Bu sırada Ebu Süfyan, Mâbed'i görünce gerilerde ne olup bittiğini sordu.
Mâbed büyük bir propaganda savaşı yaparak:
"Muhammed'le sahâbileri, şimdiye kadar hiç görmediğim büyük bir ordu ile sizi vurmak için yola çıktı. Çok hızlı bir şekilde üzerinize doğru harekete geçtiler. Size karşı öyle kinliler ki ateş püskürüyorlar!" diye cevap verdi.
Ebu Süfyan heyecanla: "Eyvah!
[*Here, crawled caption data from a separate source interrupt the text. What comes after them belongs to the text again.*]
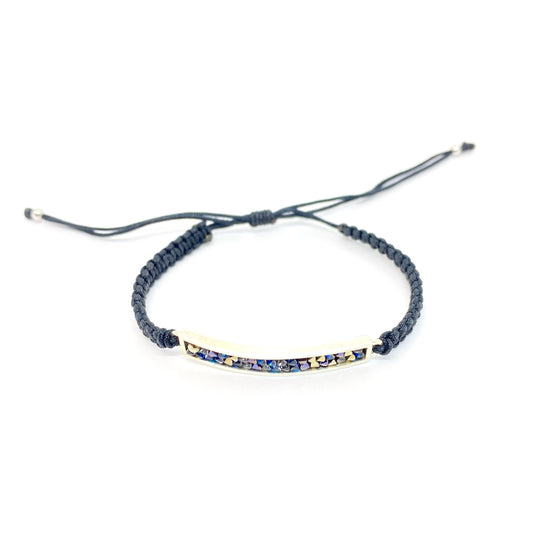 Pulsera Line Azul Hilo Negro de Katty Winograd (5421923074211)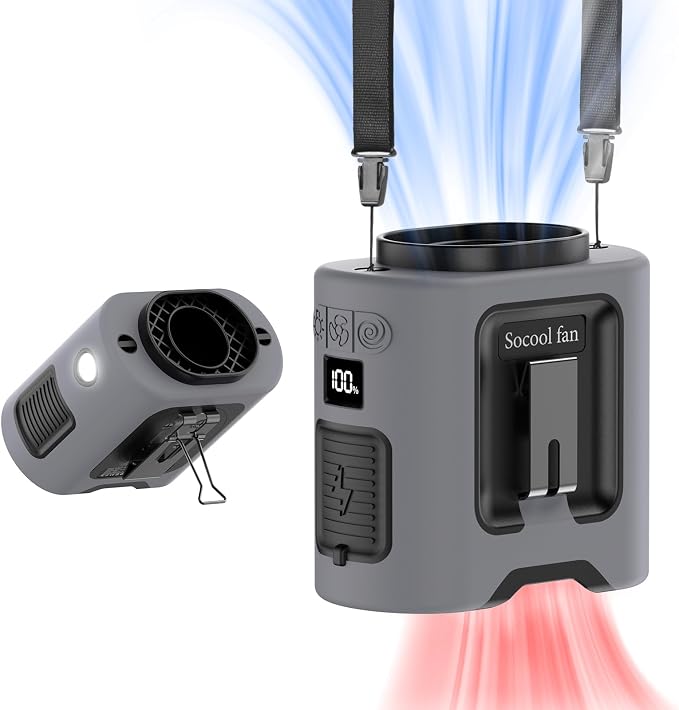 Socool 14500mAh Portable Waist Fan Clip on Belt 360 Rotation Wearable Rechargeable Personal Shirt Fan, 67H Cooling 5-Speed Battery Operated with Light, Neck Fan Hands-Free for Outdoor Jobsite Camping by Socoolfancoolinhand
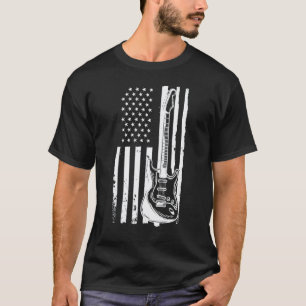 Gitaarspeler Amerikaanse Vlag T-shirt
Sen ne diyorsun? Biz onlara son bir hücum yapıp, köklerini kesmeye karar vermiştik!" dedi.
Mâbed: "Nasihatimi dinlersen, sakın böyle bir şey yapmaya kalkışma!" diye karşılık verdi.
Bu konuşmadan sonra Kureyşliler'in dirençleri kırıldı, kalplerine korku düştü, paniğe kapıldılar. Selâmeti Mekke yolunu tutmakta buldular. Mâbed, Resulullah Aleyhisselâm'a Huzâalı bir adam göndererek durumu bildirdi.
Ebu Süfyan üstelik kendilerini takip etmeyi bırakırlar umuduyla bir hileye başvurdu. Mekke'ye dönerken yolda Medine'ye gitmekte olan Abdülkays oğulları'nın ticaret kervanına rastladı. Onları durdurarak: "Mekke'ye geldiğiniz zaman Ukaz panayırında hayvanlarınızın yükünü kuru üzümle dolduracağım. Tarafımdan söylenecek sözleri Muhammed'e iletir misiniz!" dedi. "İletiriz." Cevabını alınca Ebu Süfyan şöyle söyledi:
"Gidip ona haber veriniz ki; biz toplanıp onun ve Ashâb'ının geri kalanlarının köklerini kazımak için geliyoruz!"
Bu yolcular, yolları üzerindeki Hamrâü'l-Esed'den geçerken Ebu Süfyan'ın söylediklerini Resulullah Aleyhisselâm'a haber verdiler...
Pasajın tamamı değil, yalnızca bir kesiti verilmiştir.